→ **SUPPLIED ENTRIES**
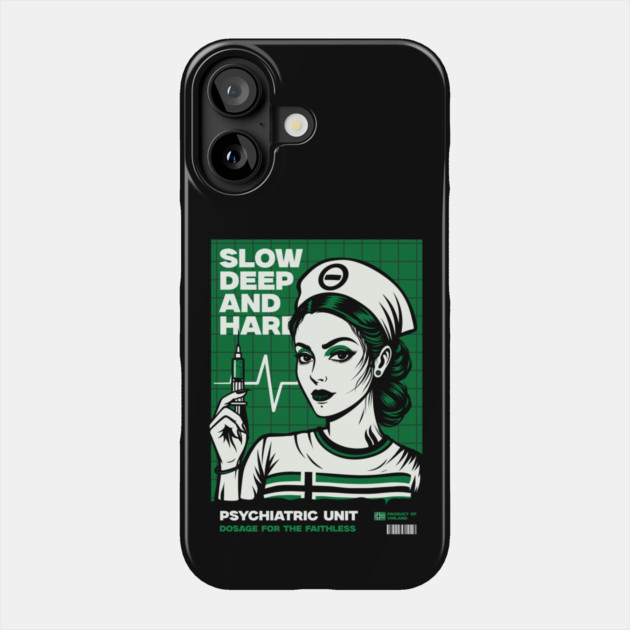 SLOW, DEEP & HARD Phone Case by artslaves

---

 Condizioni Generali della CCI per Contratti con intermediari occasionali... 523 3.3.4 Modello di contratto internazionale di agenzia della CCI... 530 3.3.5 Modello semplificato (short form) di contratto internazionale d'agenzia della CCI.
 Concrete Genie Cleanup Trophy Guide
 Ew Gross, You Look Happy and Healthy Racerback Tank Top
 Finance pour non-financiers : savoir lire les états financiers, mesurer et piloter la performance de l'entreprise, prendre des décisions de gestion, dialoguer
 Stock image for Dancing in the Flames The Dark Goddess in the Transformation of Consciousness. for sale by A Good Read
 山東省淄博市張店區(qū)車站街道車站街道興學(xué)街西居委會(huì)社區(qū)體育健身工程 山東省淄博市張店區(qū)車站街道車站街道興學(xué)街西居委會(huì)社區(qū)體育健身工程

==

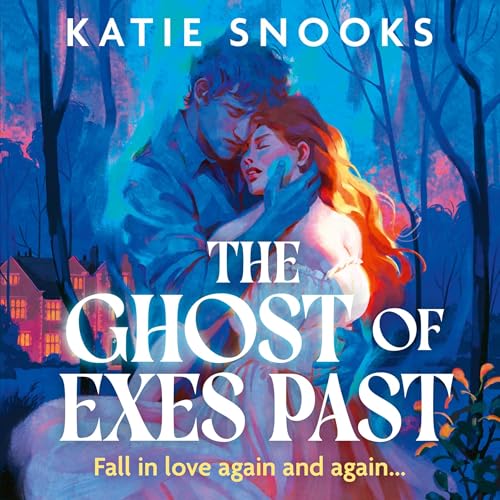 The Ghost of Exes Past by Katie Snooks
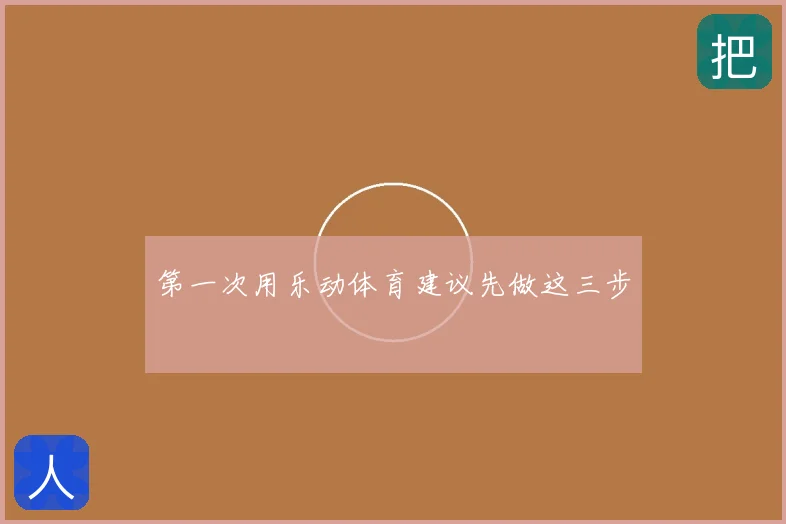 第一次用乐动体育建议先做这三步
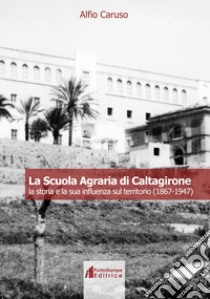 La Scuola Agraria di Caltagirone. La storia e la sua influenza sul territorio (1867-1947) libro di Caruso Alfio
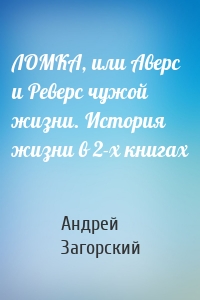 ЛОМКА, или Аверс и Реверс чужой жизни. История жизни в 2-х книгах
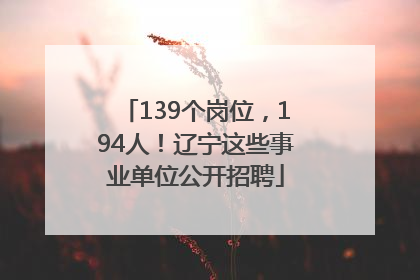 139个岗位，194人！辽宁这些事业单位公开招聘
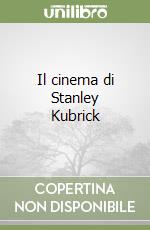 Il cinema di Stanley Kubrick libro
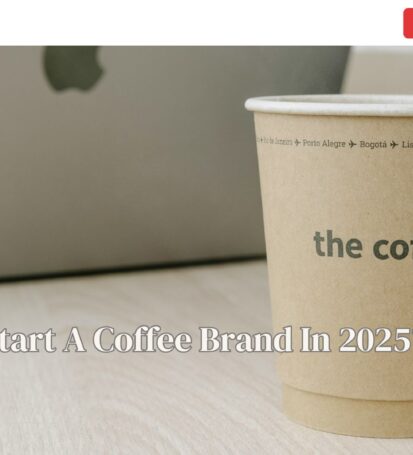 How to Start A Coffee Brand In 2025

→ **TASK DESCRIPTION**
To complete this exercise, transcribe exactly the lines above from the one that holds "The Ghost of Exes Past by Katie Snooks" through the one that holds "How to Start A Coffee Brand In 2025". Pictures stay out.

→ **TASK SOLUTION**
 The Ghost of Exes Past by Katie Snooks
 第一次用乐动体育建议先做这三步
 La Scuola Agraria di Caltagirone. La storia e la sua influenza sul territorio (1867-1947) libro di Caruso Alfio
 ЛОМКА, или Аверс и Реверс чужой жизни. История жизни в 2-х книгах
 139个岗位，194人！辽宁这些事业单位公开招聘
 Il cinema di Stanley Kubrick libro
 How to Start A Coffee Brand In 2025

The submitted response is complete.